Abstract SnS/C nanofibers membrane (SnS/C NFM) has been synthesized by low-temperature vulcanization from SnO2/C nanofiber membrane (SnO2/C NFM), which is obtained via electrospinning using commercial nano SnO2 as raw material followed by high-temperature carbonization. This method not only forms the high conductivity and stable carbon fiber skeleton in high temperature but also avoids the losing of tin source. The self-standing SnS/C NFM shows outstanding electrochemical properties as anode for sodium-ion batteries (SIBs) without adding any conductive agent and binder.
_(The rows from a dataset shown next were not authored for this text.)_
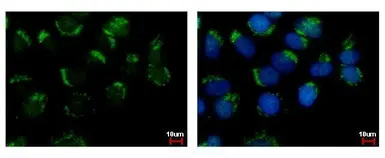 Anti-WDSUB1 antibody used in Immunocytochemistry/ Immunofluorescence (ICC/IF). GTX116382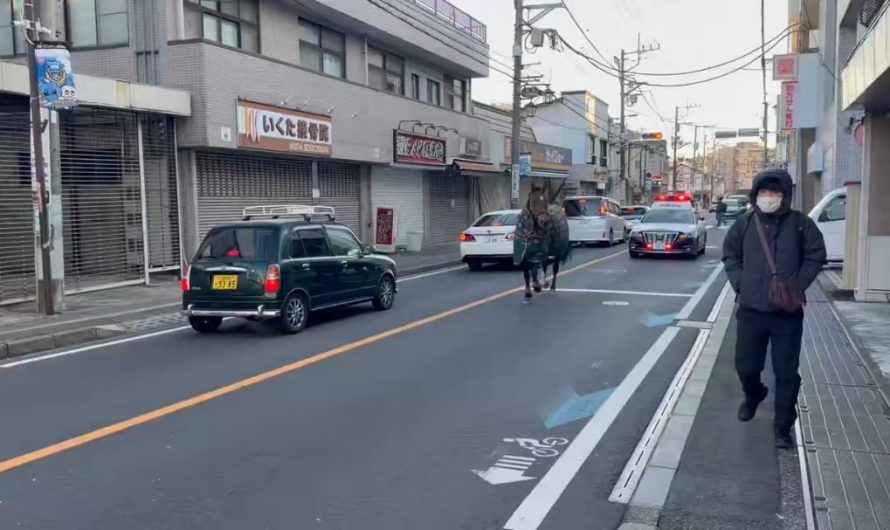 horse in Japan has gone viral after breaking out of its stable and running around in the city then returning to his home 30 minutes later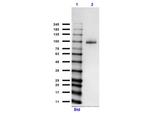 MeCP2 Antibody in Western Blot (WB)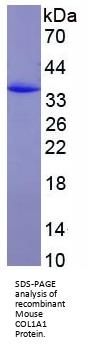 Mouse Collagen Type I Alpha 1 (COL1A1) Protein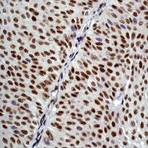 anti-Cell Division Cycle 25 Homolog C (S. Pombe) (CDC25C) (N-Term) antibody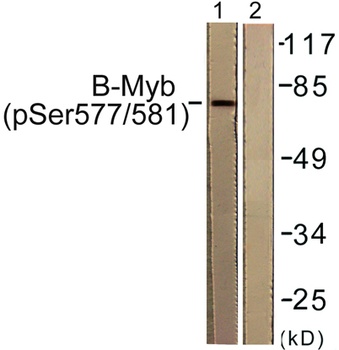 B-Myb (phospho-Ser577) antibody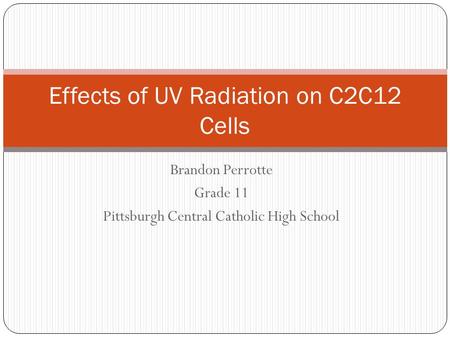 Brandon Perrotte Grade 11 Pittsburgh Central Catholic High School Effects of UV Radiation on C2C12 Cells.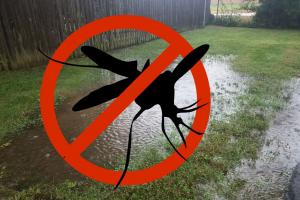 standing water in denton county tx backyard as breeding ground for west nile virus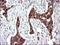 ER Membrane Protein Complex Subunit 8 antibody, NBP2-46343, Novus Biologicals, Immunohistochemistry paraffin image 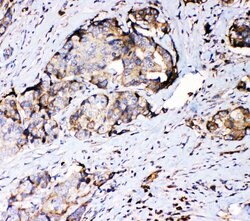 Invitrogen RPSA Polyclonal Antibody 100 &mu;g; Unconjugated:Antibodies,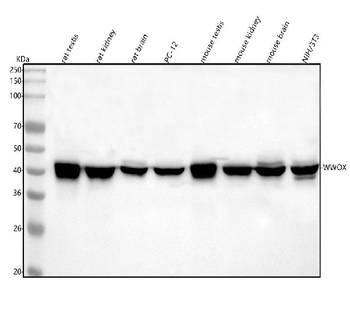 WWOX Antibody
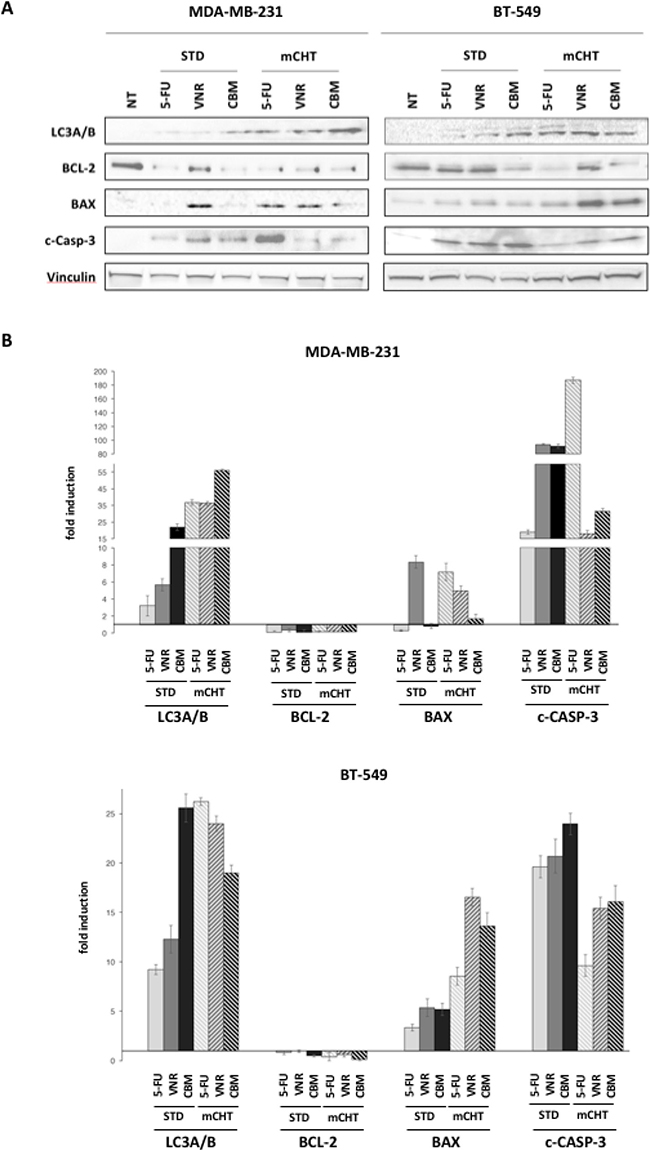 5FU and VNR can induce either apoptosis and/or autophagy in TNBC cells depending on the schedule of their administration.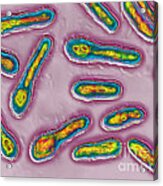 Clostridium Botulinum Bacteria Acrylic Print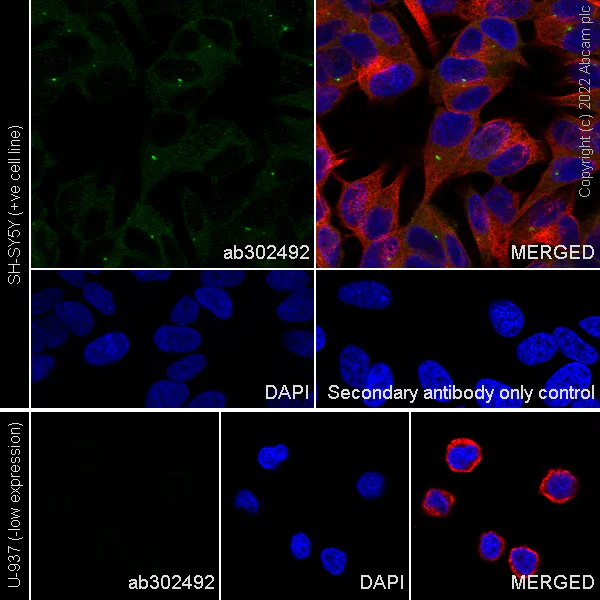 Immunocytochemistry/ Immunofluorescence - Anti-RILPL1 antibody [MJF-R41-21] (BSA and Azide free) (AB302493)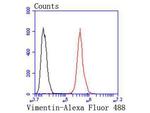 Vimentin Antibody in Flow Cytometry (Flow)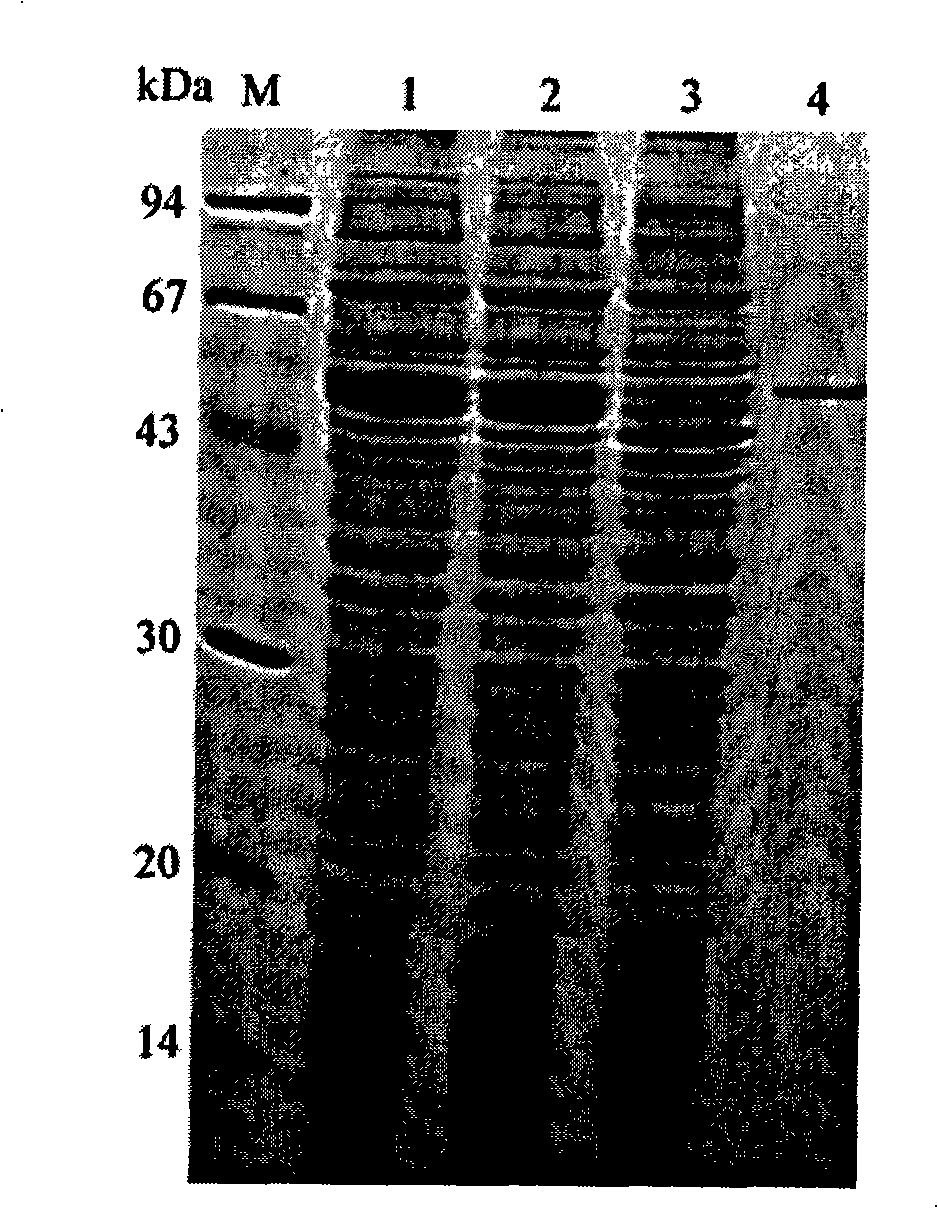 Heat-proof alkaline phosphatase (Tthxm-AP) gene and use of encoding protein thereof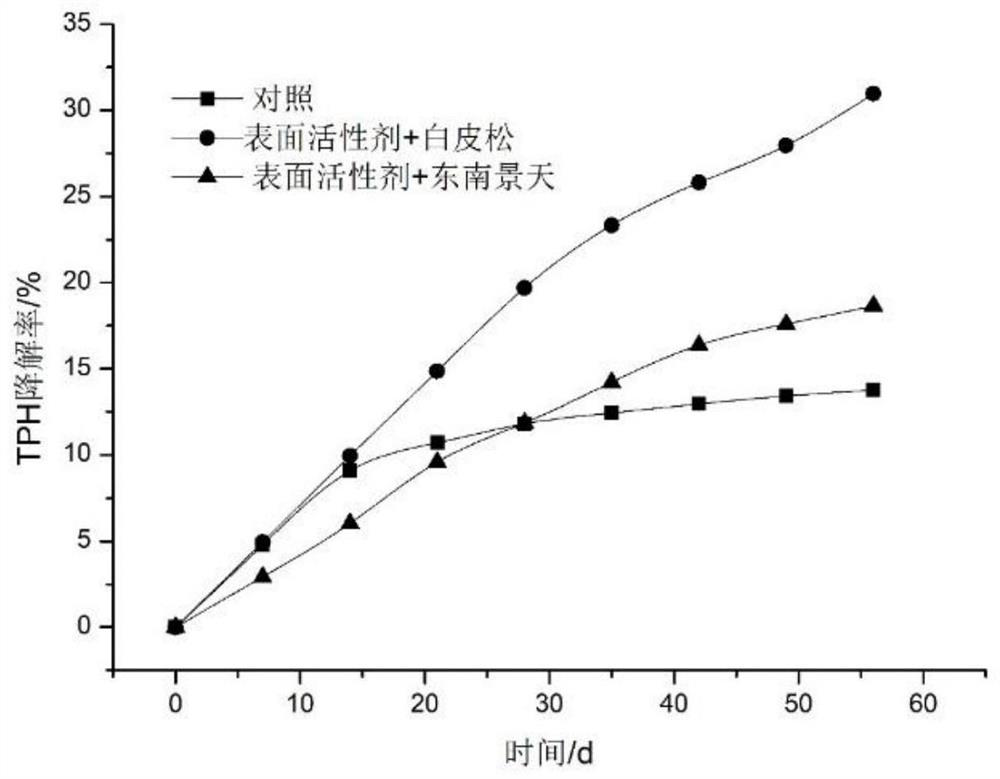 A combined engineering bacteria-plant method for remediating waste oil-based drilling fluid deposits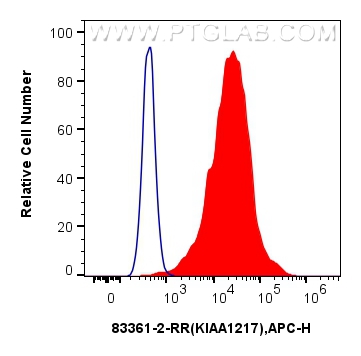 Flow cytometry (FC) experiment of MCF-7 cells using KIAA1217 Recombinant antibody (83361-2-RR)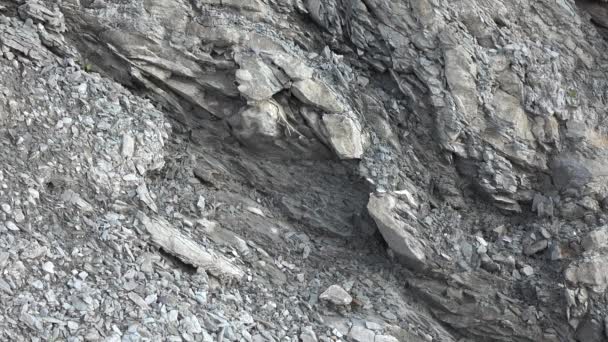 primer plano de las imágenes de las rocas de fondo - Metraje, vídeo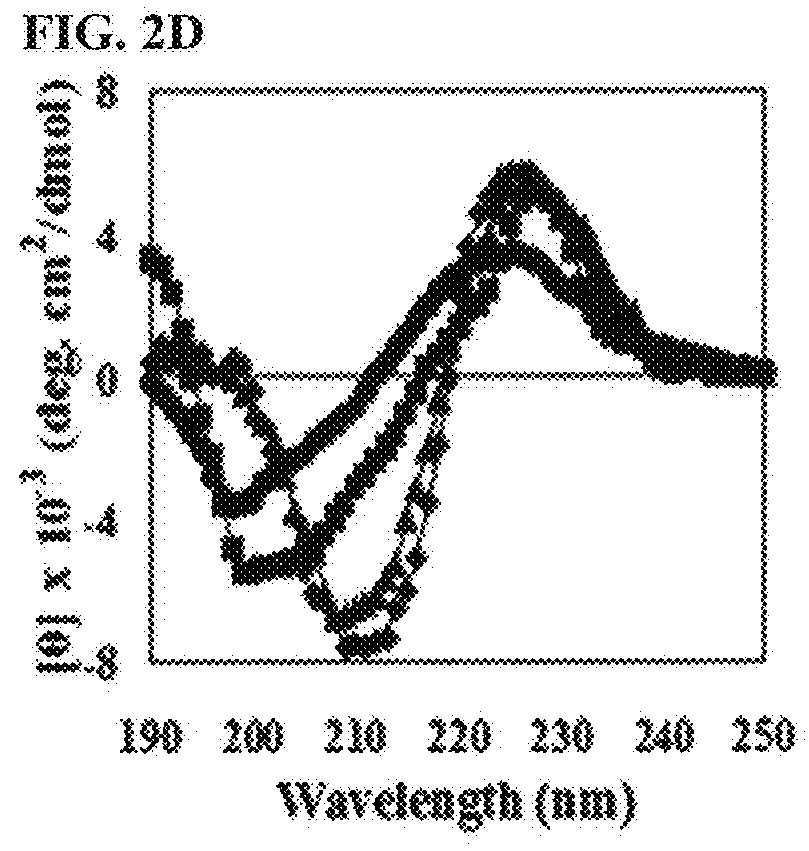 Novel antibacterial and fungicidal peptide in which lysine and tryptophan residues are repeated, and use thereof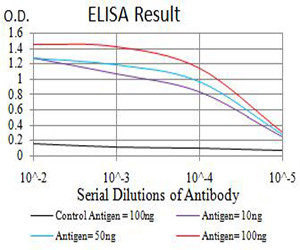 SMARCA1 Antibody in ELISA (ELISA)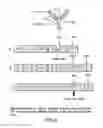 Fig. 05 - Surface display of recombinant proteins in lower eukaryotes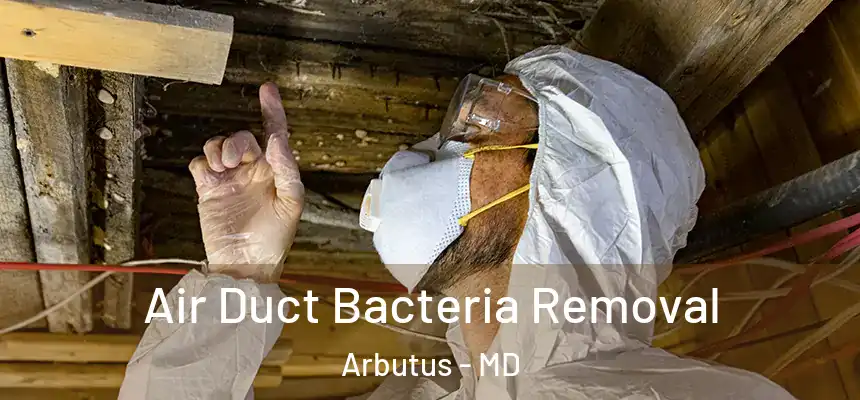  Air Duct Bacteria Removal Arbutus - MD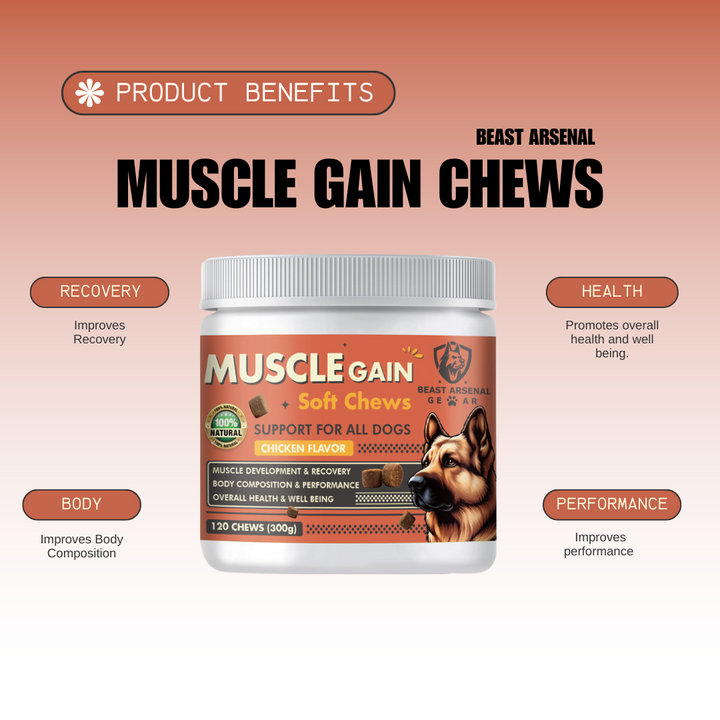 Protein for dogs supplements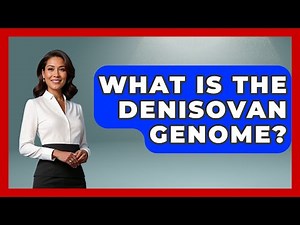 What Is The Denisovan Genome? - Archaeology Quest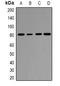 EPS8 Like 1 antibody, orb382538, Biorbyt, Western Blot image 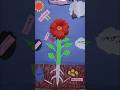photosynthesis paper craft 😍#paperart #photosynthesis #diy #viral #short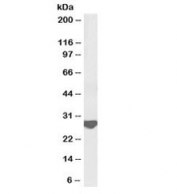 Western blot testing of rat brain lysate with biotinylated Latexin antibody at 0.3ug/ml. Predicted molecular weight: 26kDa.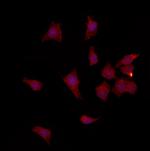 FAM96B Polyclonal Antibody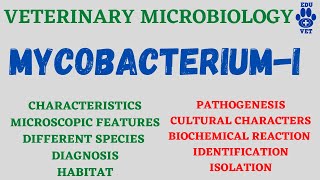 Mycobacterium MicrobiologyBacteriology [upl. by Rodrick242]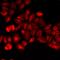 Killer Cell Lectin Like Receptor D1 antibody, orb412058, Biorbyt, Immunocytochemistry image 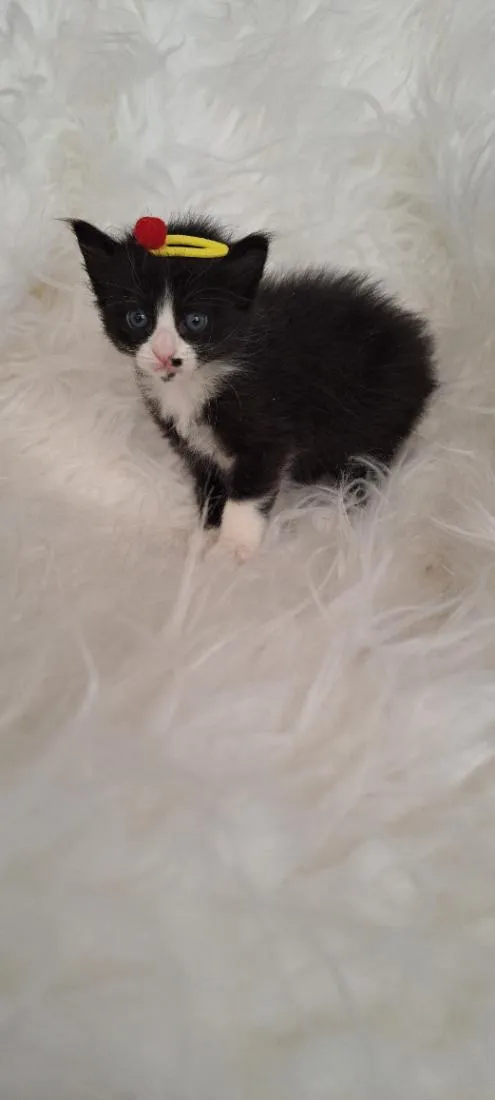Gato raça SRD-ViraLata idade Abaixo de 2 meses nome Luna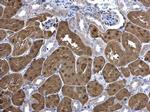 KHK Antibody in Immunohistochemistry (Paraffin) (IHC (P))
Additionally, it exhibits much better performance compared to SnO2/C NFM and nano SnO2 particles. After 200 cycles at 200 mA g−1, it can provide high capacity of 324 mA h g−1 (up to 84.8% capacity retention rate), and also display a good rate performance. Such superb electrochemical performance can be attributed to the interconnection of the 3D conductive network to enhance the electrical conductivity of SnS, and effectively suppress the aggregation of SnS particles during the cycling process. Therefore, the self-standing SnS/C NFM is considered as promise anode materials for sodium-ion batteries.